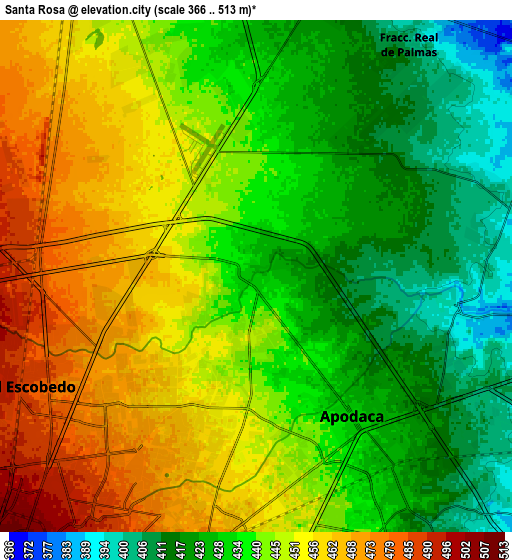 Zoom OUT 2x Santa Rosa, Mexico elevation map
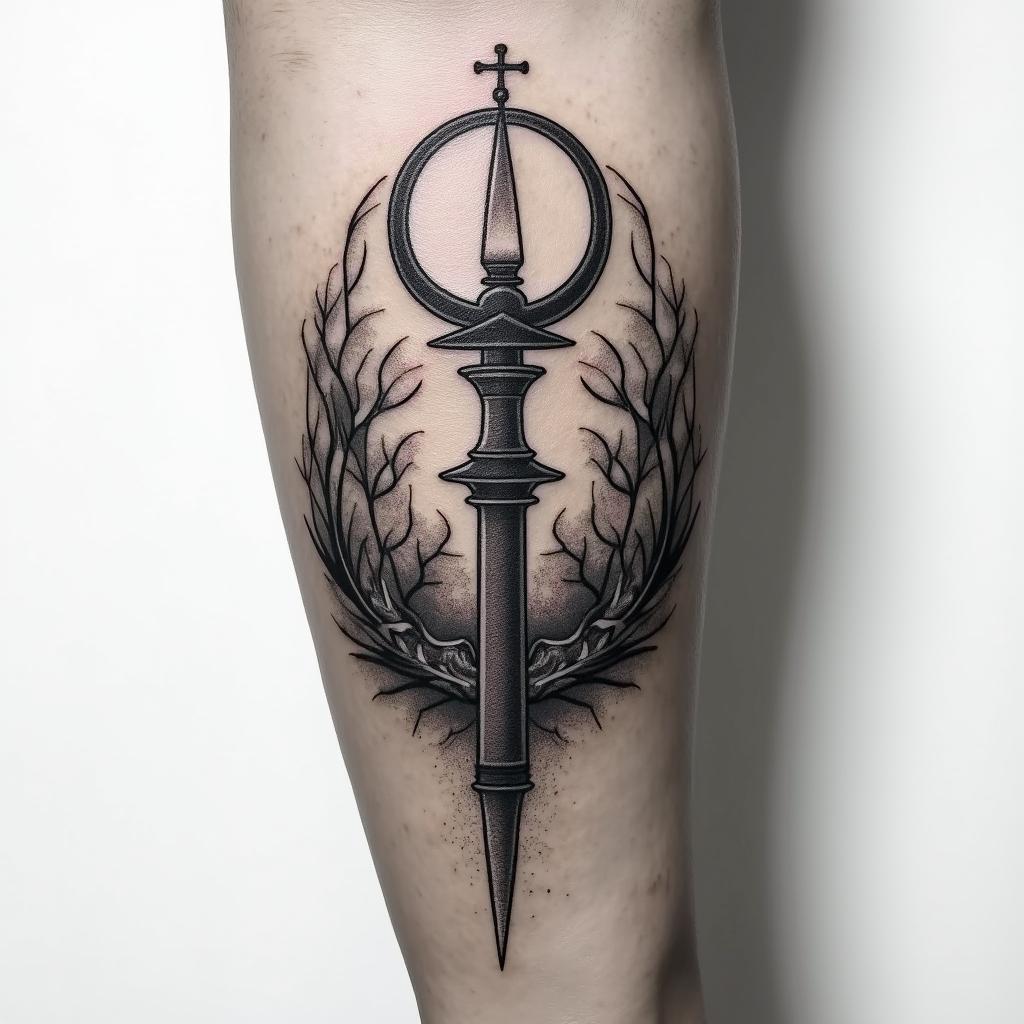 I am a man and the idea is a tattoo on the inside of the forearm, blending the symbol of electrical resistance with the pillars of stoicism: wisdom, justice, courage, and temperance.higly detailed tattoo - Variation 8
...
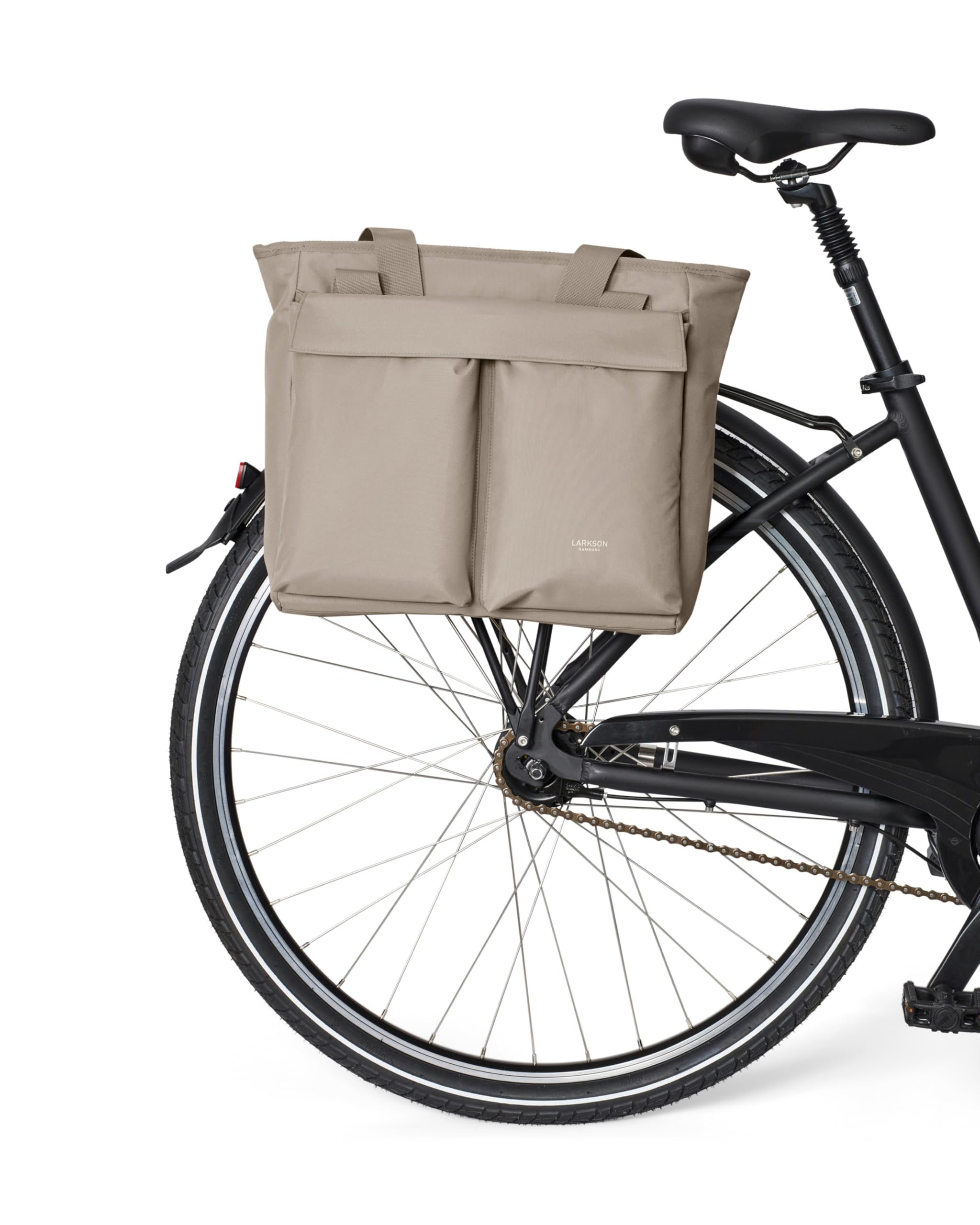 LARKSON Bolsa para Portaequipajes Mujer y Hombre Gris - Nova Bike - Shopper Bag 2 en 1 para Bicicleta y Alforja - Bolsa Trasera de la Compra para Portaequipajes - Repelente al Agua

About this task — Extract from the material above the stretch running from the line containing "Zoom OUT 2x Santa Rosa, Mexico elevation map" through the line containing "I am a man and". Keep the text exact and the pictures out.

Response area —
 Zoom OUT 2x Santa Rosa, Mexico elevation map
 I am a man and the idea is a tattoo on the inside of the forearm, blending the symbol of electrical resistance with the pillars of stoicism: wisdom, justice, courage, and temperance.higly detailed tattoo - Variation 8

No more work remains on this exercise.